For all the technological changes within schools in recent years, Bring Your Own Device (BYOD) is arguably having the biggest pedagogical impact. Here Martin Hughes explores some of the issues to consider.
Many schools have a blend of school-owned and student-owned devices. Some have a ‘managed choice’ approach, where options are constrained for consistency/management, while others have a ‘bring anything’ approach. Regardless of approach, however, the core business remains teaching and learning.
One of the things I love about my role is working with schools to align strategic direction with the power of technology, to significantly impact learning outcomes for everyone. Much of the significant progress schools have made in recent years has been due to the innovation, hard work and willingness to share of an increasing number of our teachers. Many of the successful strategies are largely free and are dependent on people, planning and policies, not on buying more/better devices.
Here I’d like to highlight some of these strategies, so that we can all continue to learn from the success of others.
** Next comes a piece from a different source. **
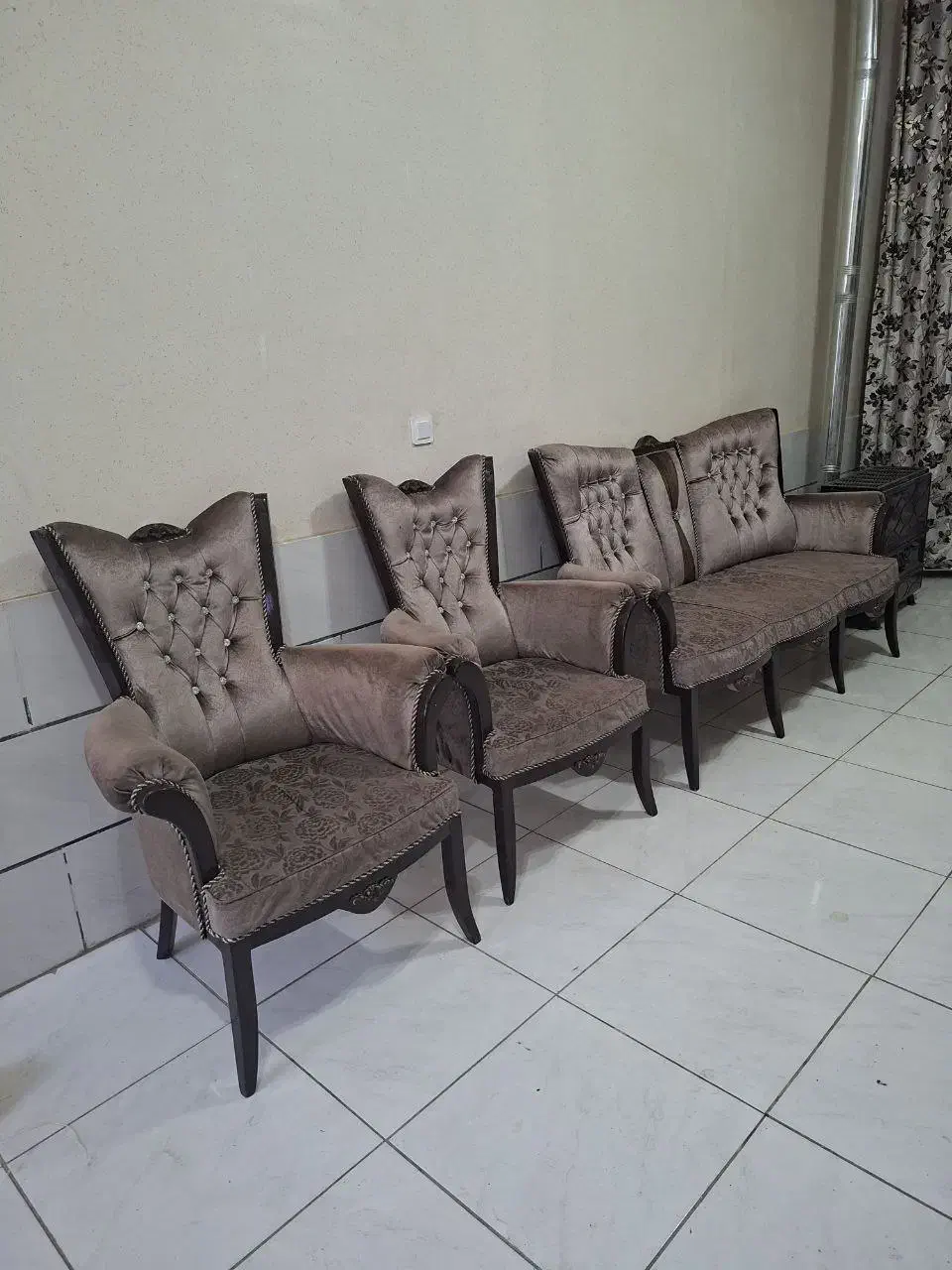 یک دست مبل تمیز کم کار|مبلمان خانگی و میز عسلی|شهرکرد, |دیوار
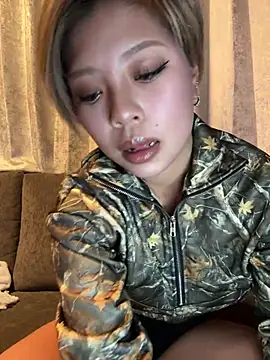 BADBITCHISAKI online show from February 2, 2026, 1:10 pm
Do’s: Identifying some strategies that work
- Leaders who lead by example – I see the greatest success in schools where leaders embrace and use ICT effectively and creatively for the betterment of the whole school.
- ICT is used to support and enhance other professional learning programmes within the school.
- Teachers first, technology last – all teachers must be comfortable and confident with using technology, before engaging with BYOD.
- Well structured, differentiated, scaffolded learning experiences for students and teachers that include feedback.
- Less is more – less screen time and fewer, better apps.
- Easy access to fast, reliable, and stable Wi-Fi.
- Consistent and empathetic student usernames and passwords.
- Consistent user experience, regardless of location, OS or device.
- Consistent vocabulary and strategies across the school, such as SAMR model, and school inquiry model.
- Specific descriptors of what success does and doesn’t look like.
- Learner-driven decision making
- Technology encouraging the ‘best’ behaviours – it’s so much easier to focus on human behaviours rather than results, which can be vague and hard to quantify.
- An inclusive approach, so that support staff, BoT members and parents develop their understanding of how best to use ICT.
Don’ts: Avoiding strategies that don’t work
- Too many options around tools, devices, apps, storage locations, passwords, emails, document formats, resources, etc.
- Inconsistent look and feel between devices and locations, leading to low expectations of teachers, students and devices.
- Open-ended, research-based tasks with minimal structure and, therefore, low expectations.
- Technology-driven decision making.
- Technology encouraging the worst behaviours.
- ‘Trickle down’ professional learning – when the wisdom and experience of the more confident teacher is expected to magically migrate throughout the staffroom. Plus, the belief that ‘kids will teach the teachers’.
Bringing your own device … or distraction?
Can you quickly and easily tell the difference? Three questions that might help:
- Teacher: Are you substituting or redefining the task? (SAMR model)
- Teacher: Where in this learning experience are you differentiating, feeding back/forward and scaffolding the tasks?
- Student: Why are you using a device? What are you learning? Why are you learning it? How will you know when you have learnt it?
“If you keep on doing what you’ve always done you’ll keep on getting what you’ve always got”, so the saying goes.
This used to be true when we lived in linear times. However, we’re now living very much in exponential times. If we keep on doing what we’ve always done, we will actually get worse results than before, because the divergence between how we’re working in schools and how the world is continuing to change exponentially, is rapidly increasing.
Term 4 is arguably the best time to be reflecting on strategies that have worked and on those that might need further development. Feel free to use the review tools (3ml.nz/school-review-tools/) to scope out where your school currently sits and from there look at how you can create strategies that are meaningful, memorable and motivating for all of your learners.